Come accennato, la minestra imperiale è stata per anni il piatto per eccellenza dei matrimoni. Mimina la preparava sempre quando veniva, chiamata insieme a sua sorella Annunziatina, per cucinare ai matrimoni. Mimina e Annunziatina, infatti, sono state tra le prime forme di catering della storia, famose ancora oggi in paese come le sorelle che cucinavano sempre e bene. Questa stessa passione per il mondo del cibo Mimina l’ha trasmessa anche in famiglia, in particolare ai suoi due nipoti: Stefano ha aperto l’azienda Olive Gregori, tra le poche a produrre olive ascolane, che ricordiamo che prima di essere il noto fritto sono la cultivar locale di Ascoli Piceno; il fratello Luca, invece, sta ultimando gli studi in Agraria per dedicarsi poi anche lui all’attività. Sarà perché sono cresciuti educati al valore inestimabile della propria terra, le Marche, e all’importanza di continuare a dedicare tempo alla produzione di cibo, che sia in campagna o in cucina. E infatti Mimina «la minestra imperiale compra non l’ha mai provata”, ma ha continuato a prepararla anche a casa secondo i lunghi tempi della tradizione.

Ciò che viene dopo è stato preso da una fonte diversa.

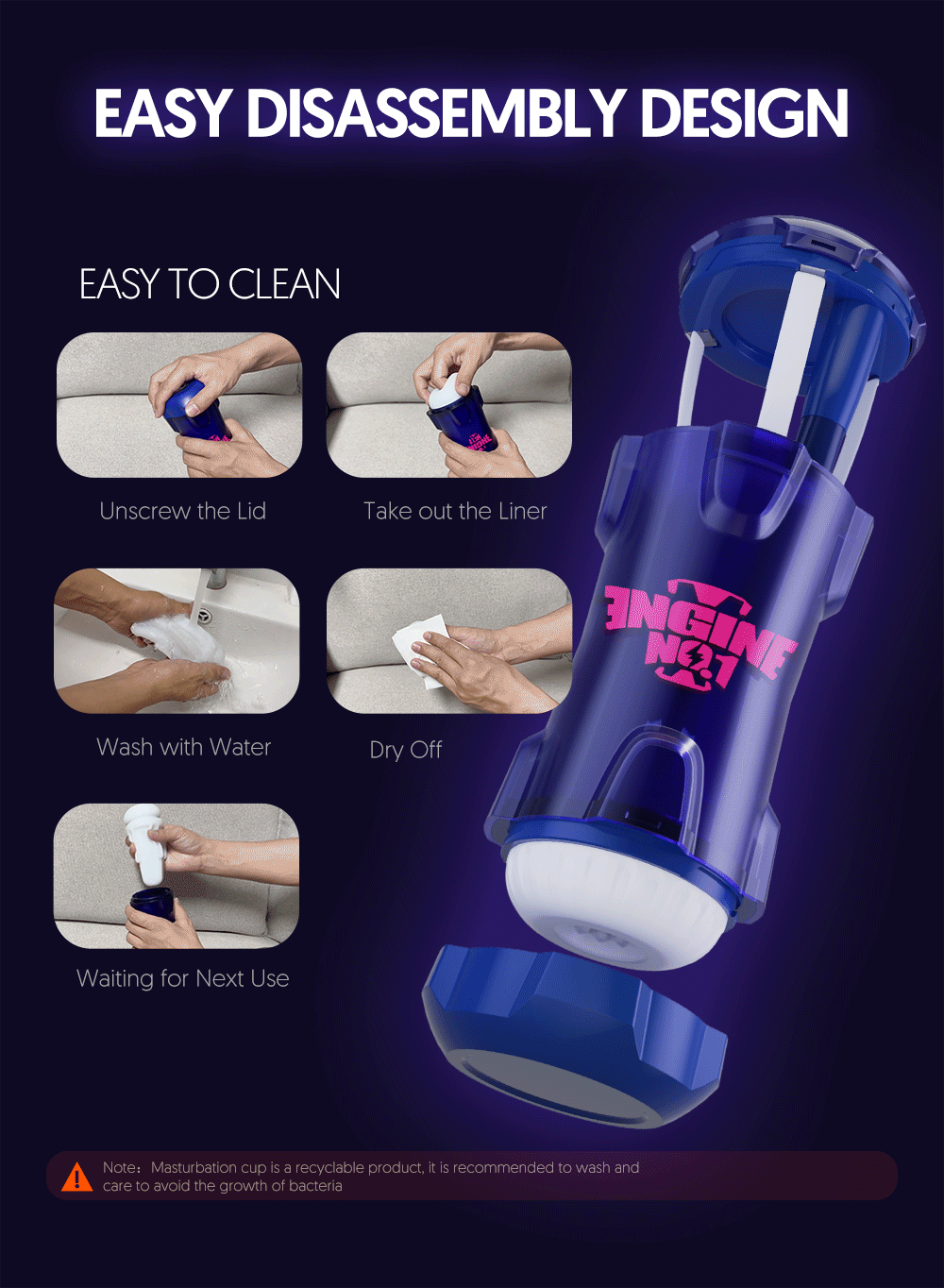 JISSBON cốc tự sướng 8 chế độ nhiệt rung siêu thực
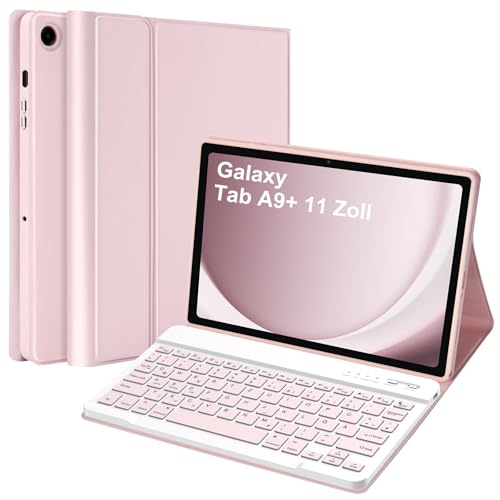 HOTLIFE Tastatur Hülle für Samsung Galaxy Tab А9+ 11 Zoll 2023(SM-X210/X215/X216B), Schutzhülle mit Automatischer Schlaf- und Weckfunktion, Magnetisch Abnehmbarer Tastatur mit QWERTZ Layout (Rosa) von HOTLIFE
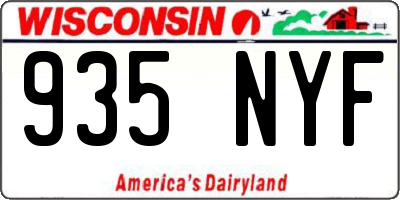 WI license plate 935NYF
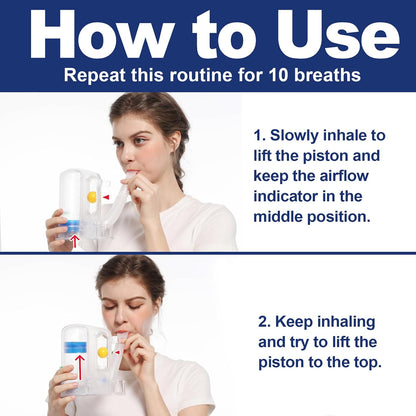 Breathing Exercise Device for Lungs, Exerciser, One‑Ball Design for Gentle Breathing Training & Recovery Support, Easy to Clean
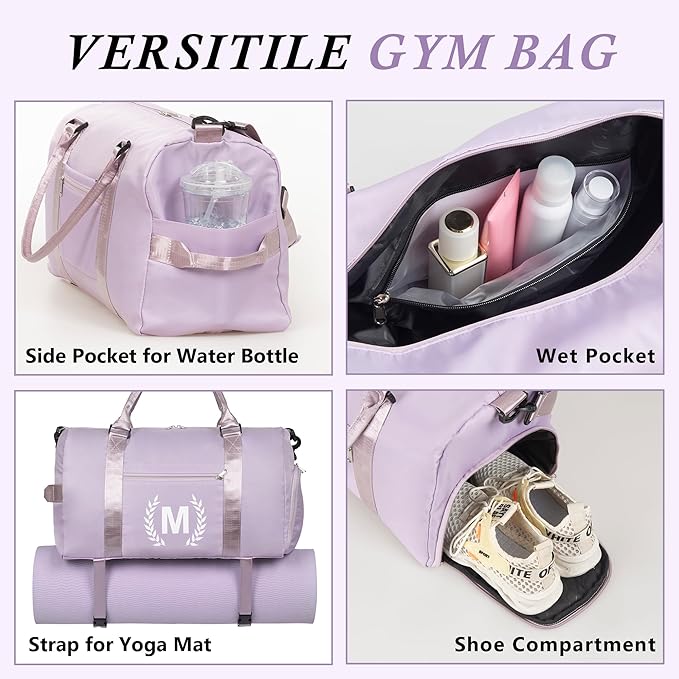 Gym Bag for Women, Personalized Duffle Bag with Shoe Compartment, for Yoga & Dance with Wet Pocket and Mat Strap.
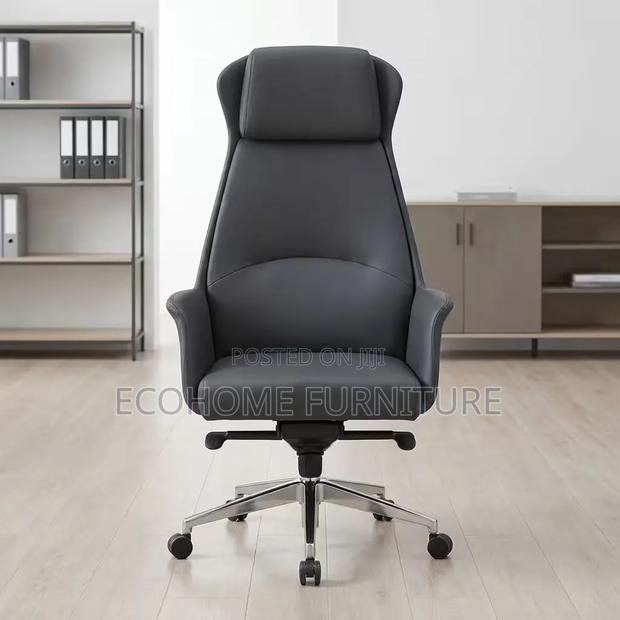 Executive Office Chair High Back Black Leather Manager Chair - thumbnail 2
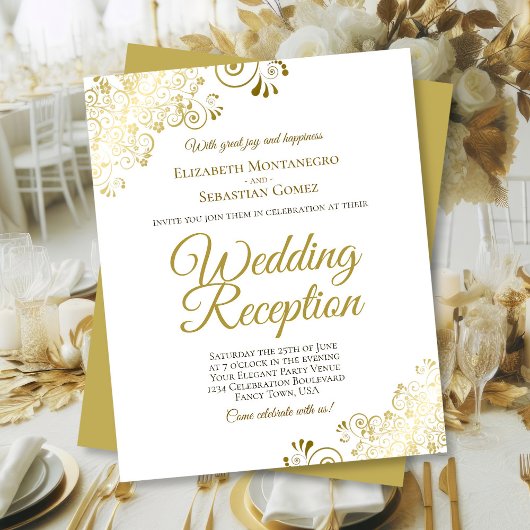 Fancy Goud & Wit Huwelijksreceptie Budget Invite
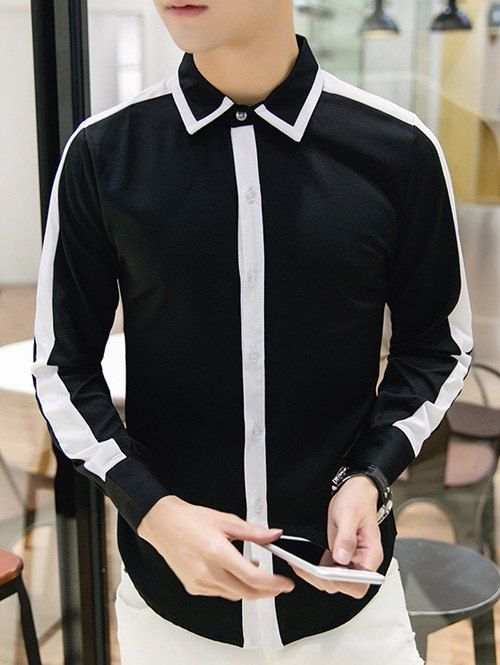 

Color Block Splicing Stylish Turn-Down Collar Long Sleeve Men's Shirt, Black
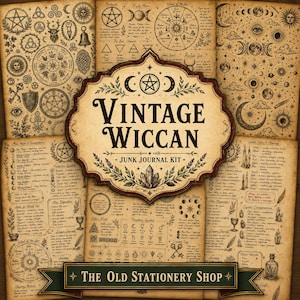 May include: A junk journal kit featuring aged parchment-style paper with black ink illustrations of pentacles, moon phases, planetary symbols, and ritual guides. The central label reads VINTAGE WICCAN JUNK JOURNAL KIT and THE OLD STATIONERY SHOP.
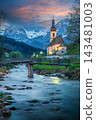 Ramsau St Sebastian Church Mountain River Sunset View 143481003
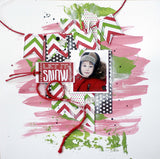 Jolly: Red & Green Mini Chevron on White Paper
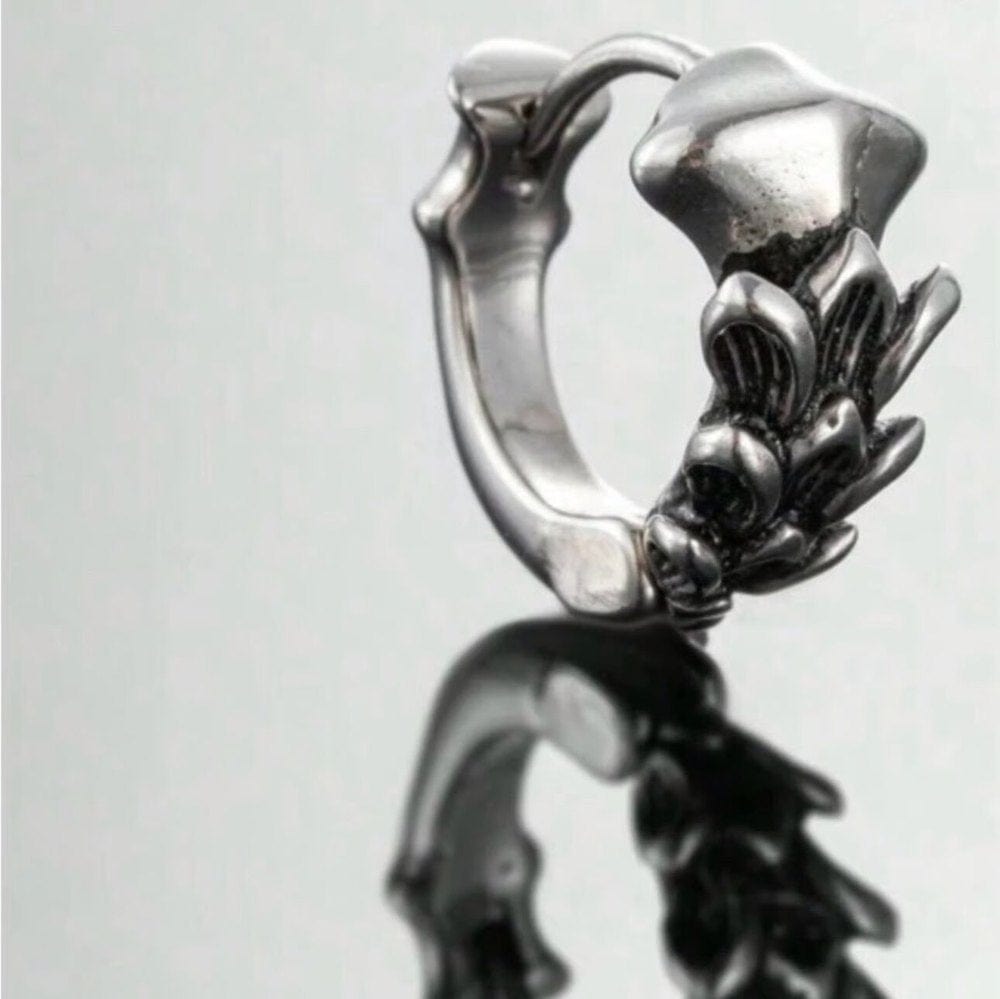 THE MEN THING Earring WRAITHLEAF - 10mm Titanium Steel Hoop Earrings for Men & Boys (2pcs)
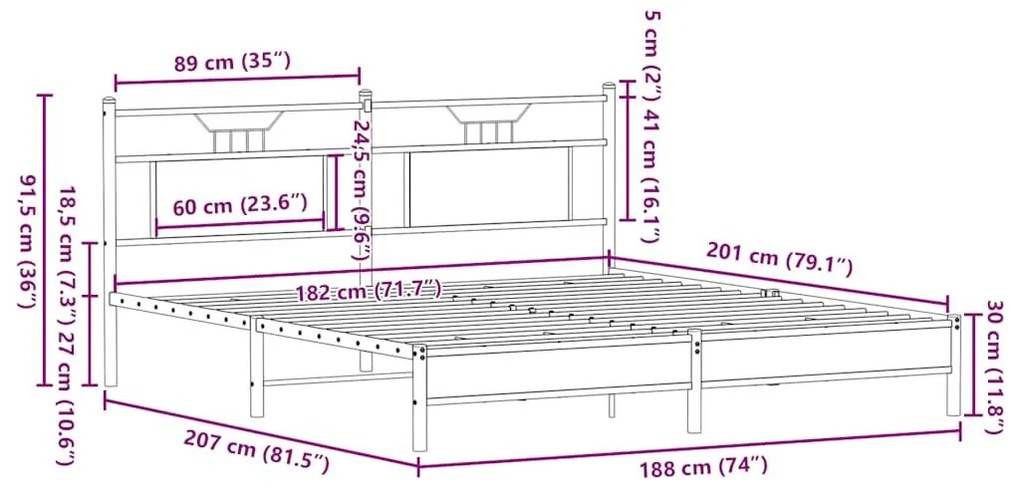 Πλαίσιο Κρεβατιού Χωρ. Στρώμα Καφέ Δρυς 183x203 εκ Επεξ. Ξύλο - Καφέ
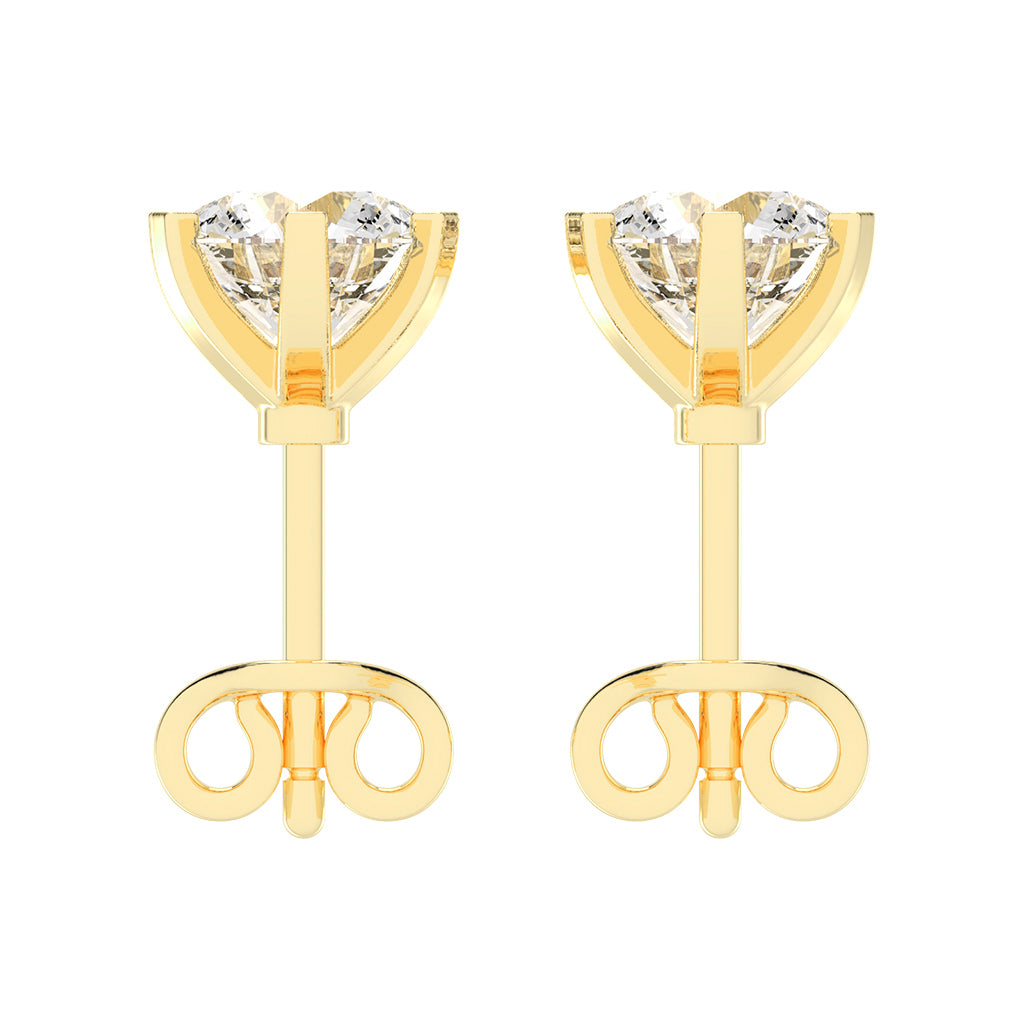 2Ct Round Shape Yellow Gold Solitaire Studs Earrings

Pasta imperiale/colorata sacco

La ricetta tradizionale… per 40 persone

Proprio per questa sua lunga preparazione, la minestra imperiale è un piatto da mangiare in tanti. Quasi sempre ne avanza una parte, che si congela per consumarla poi successivamente. La ricetta che segue, quindi, è per 40 persone, anche perché come dice Mimina: «Sempre meglio prepararne più che meno, no?».

Ingredienti 

40 uova
500 g parmigiano
600 g farina 00
buccia grattugiata di 2 limoni
qb noce moscata
qb sale
qb burro

Procedimento 

1. Preparare un brodo di gallina (meglio) o di manzo.
2. Iniziare a preparare l’impasto sbattendo le uova con tutti gli altri ingredienti. A parte bollire gli spinaci, poi schiacciare e frullare.
3. Dividere l’impasto in tre parti: in una aggiungere gli spinaci, nell’altra il concentrato di pomodoro e nell’ultima nulla, in modo da ottenere tre colori diversi (verde, arancione e giallo).
4. Mettere tutte e tre le parti di impasto in un sacco di cotone o in un altro tessuto ugualmente resistente e svasato, chiudere con lo spago e fare cuocere in acqua bollente per circa 3 ore.
5. Una volta pronto, assicurarsi che anche la parte in mezzo sia ben cotta. Togliete quindi il sacco dall’acqua bollente e lasciarlo raffreddare senza aprirlo su un vassoio sotto un peso per circa un’ora.
6. Quando si è raffreddato, togliere delicatamente l’impasto dal sacco e tagliare a dadini.
7. Buttare i dadini di minestra nel brodo di gallina per qualche minuto (tanto è già cotta) e servire bollente.